Contexte de parution : Rockyrama

- Tu as consacré plusieurs textes à Twin Peaks, dont ton livre La Main Gauche de David Lynch. Je voulais donc te demander ce que Twin Peaks a représenté et représente toujours pour toi.

- En 1991, quand Twin Peaks est passé sur les écrans en France, j'avais 15-16 ans et j'ai eu l'impression de partir dans un autre monde. C'était une coupure vraiment nette et radicale avec ce qu'on pouvait voir à la télévision.

Dès le 3e épisode et la scène du rêve de Dale Cooper avec le nain qui parle à l'envers, les rideaux rouges, etc., ça représente une rupture avec tout ce qui avait été mis en place dans le cinéma américain des années 80. On a retrouvé une liberté qui n'existait plus depuis les années 70… ou qui n'avait peut-être même jamais existé.

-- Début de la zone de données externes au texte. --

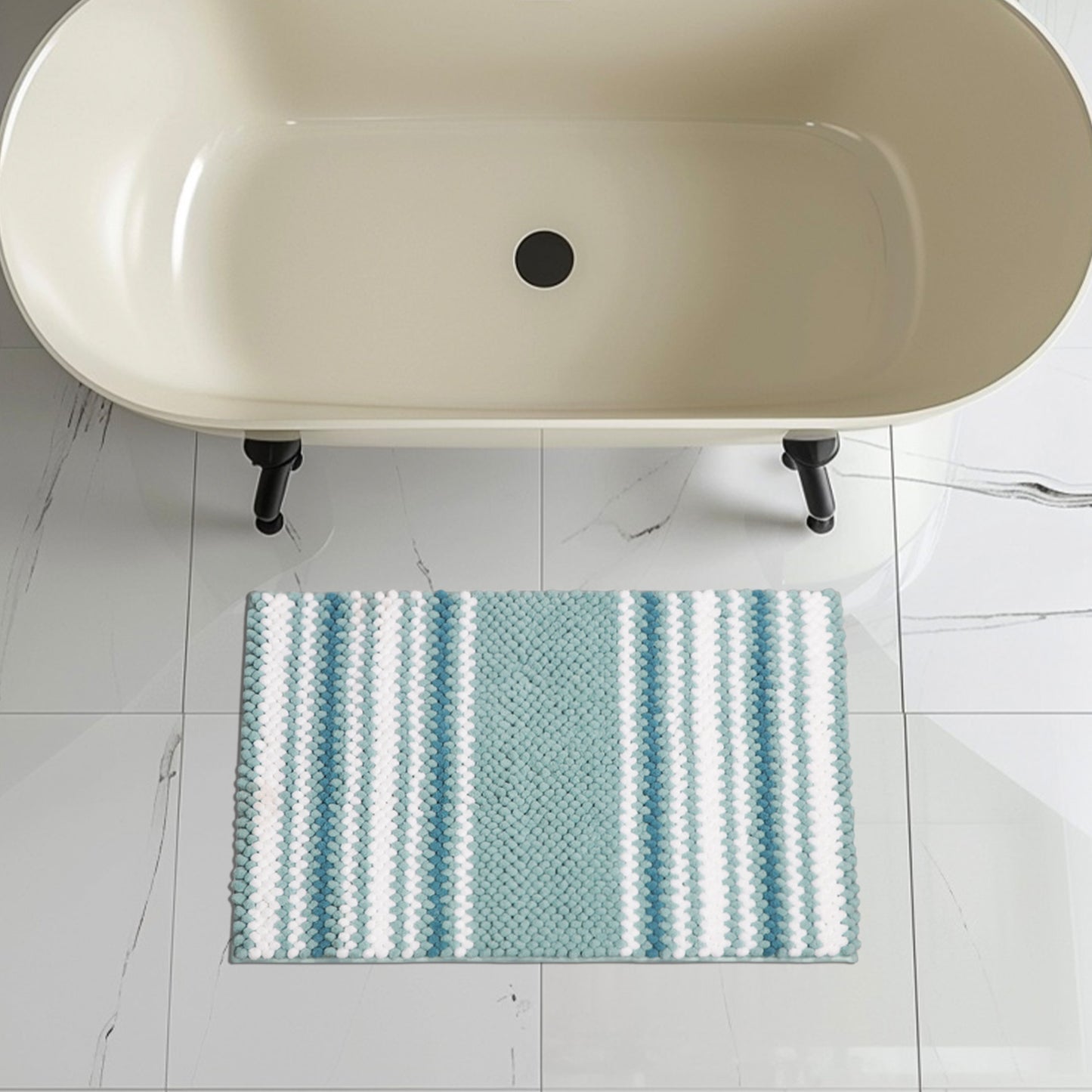 Feblilac Green, Blue and White Chenille Non-Slip Microfiber Shag Bathroom Rug Mat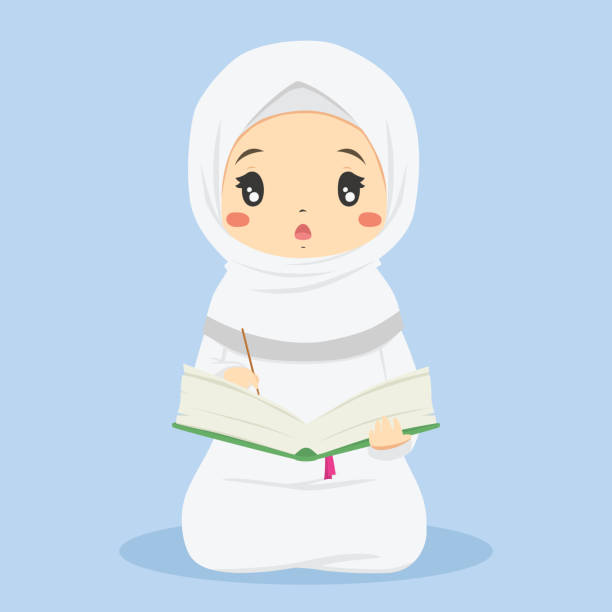 Cute Muslim Girl Reading Quran Character Vector Muslim girl reading Quran character vector. cute Muslim girl in white clothes reading Quran, and pointing at the letters in the Quran with a pointer stick. allah the god islam cartoons stock illustrations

Mais ce n'était pas de l'art pour l'art, un truc un peu chic, un peu "art contemporain" ou un peu provoc'. C'était l'oeuvre de quelqu'un, soit fou soit au courant de nos vérités dernières, quelqu'un qui nous montrait ce que pouvait être l'autre monde et tout ce qu'on avait jamais vu comme ça. Dans Twin Peaks, quand on entrait pour la première fois dans la Pièce Rouge pendant le 3e épisode et quand on y retournait pendant vingt minutes à la fin de la série, on ne regardait plus de la télévision, on ne regardait plus de la fiction. On vivait dans la fiction. La vie du spectateur devenait elle-même une fiction.

Quand j'ai regardé Twin Peaks en 91, j'ai vécu à Twin Peaks pendant les cinq mois de la diffusion sur la 5. Je ne vivais pas une minute sans penser à Twin Peaks et sans l'impression que cette Pièce Rouge existait vraiment. Lynch a rendu lisible ou visible une dimension métaphysique ou transcendante que ma génération avait oubliée. Et quand le film est arrivé, avec l'image de la télévision cassée au début, c'était notre télé qu'on cassait.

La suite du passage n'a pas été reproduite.